Thirdly, we need to work with the materials at hand. A judge pool is what a judge pool is. (I want to talk about judge pools absent this particular discussion, so the VCA need not worry that we will go there soon, and in depth. There have been some issues lately…) It really doesn’t matter if one manages a tournament totally at random or if one goes all the way to 9-step MJP, a given debater will get some good decisions and some sketchy decisions and maybe some terrible decisions. Given the human factor, we need to build in some leeway for sketchy and terrible. I would say, let’s allow you to lose one round because of terrible judging (although I would point out the classic issue, as my daughter does, that your opponent also had that terrible judge and somehow managed to pick up that ballot), and another round because of a bad draw. This is a competition, and that seems reasonable. That the same people break all the time, with strong winning records, regardless of which tournament they’re at, regardless of the nature of the judge pool or the tabbing paradigm, indicates that this works, that good debaters get through whatever judges they have to, however they get through them, most of the time (but not necessarily undefeated). Also, the quality of the pool is a big determinant of elims when we go by straight rankings. Rounds adjudicated by all As versus rounds of all As and Bs versus pure randomness? What you break to, depending on the philosophy of the judge selection, will be what you can reasonably accommodate with the pool that you have.

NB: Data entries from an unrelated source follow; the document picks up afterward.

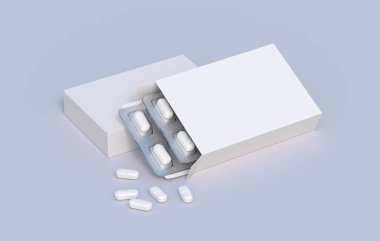 Package with two blisters with medicines pills. Mockup template. 3d rendering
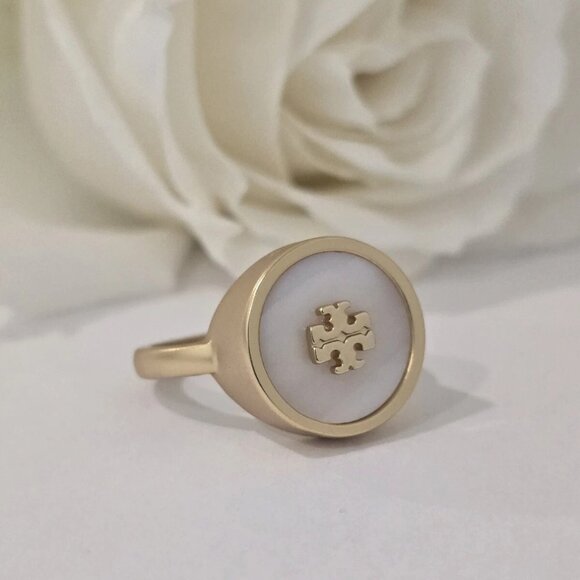 Tory Burch Mother Of Pearl And Logo Ring Size 7 - Picture 2 of 12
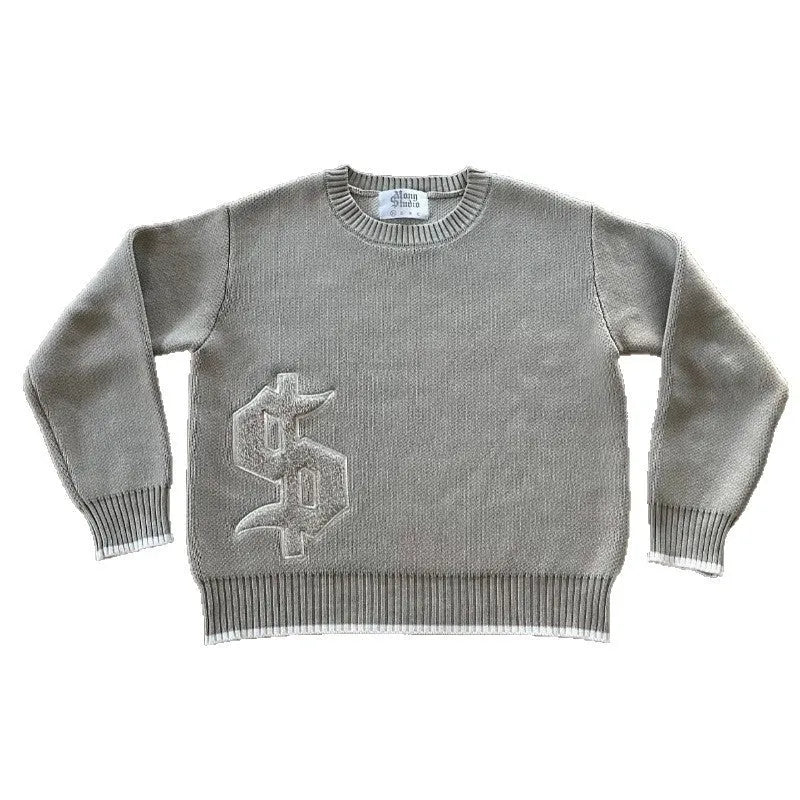 Grey jacquard loose-fitting knitwear coat with long sleeves for autumn and winter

Fourth, we have space/time constraints. Depending on the venue, we have all the rooms we need as long as we need them, or we don’t, and we have all the time we need, or we don’t, or some combination of the two. High schools, excluding the big octo tournaments, are usually limited in both space and time to one and a half days of competition. Colleges have pressures on space (the entire campuses are not given over to the tournament, and often fees are paid per room). Other factors play into this, with varying results.
So, here’s what we want. We want as many prelims as possible to satisfy the vast number of people who attended with competition. We want that number of prelims to intelligently lead to a correct number of elims, with an assumption that most or all down-twos should break. We need to fit those prelims and elims (and bubble rounds) into the time and space we have available for the tournament.
Simple, right?
I want to throw in one more piece of information. I did the math on Princeton, comparing the 4-2s after 6 rounds to the 5-2s after 7 rounds. Assuming no runoffs, breaking 32 of these people meant 29 were the same, 3 were different. In other words, adding the 7th round meant that 3 people who would have broken after 6 were replaced by three other people. If this is meaningful and not merely anecdotal, it would seem as if 7 rounds + a straight break to doubles makes a lot more sense intuitively than 6 rounds + a straight break. 7 breaks almost all of the down twos and 6 doesn’t. In the event, 3 people are harmed. Very utilitarianly sound. The only viable alternative is 6 rounds + a break to triples. This provides fewer rounds to the non-breakers, and probably advances a radically different group to octos than either of our straight 6 or 7. Whether this latter is good or not remains to be seen. I would say not, but I have no way of testing the hypothesis.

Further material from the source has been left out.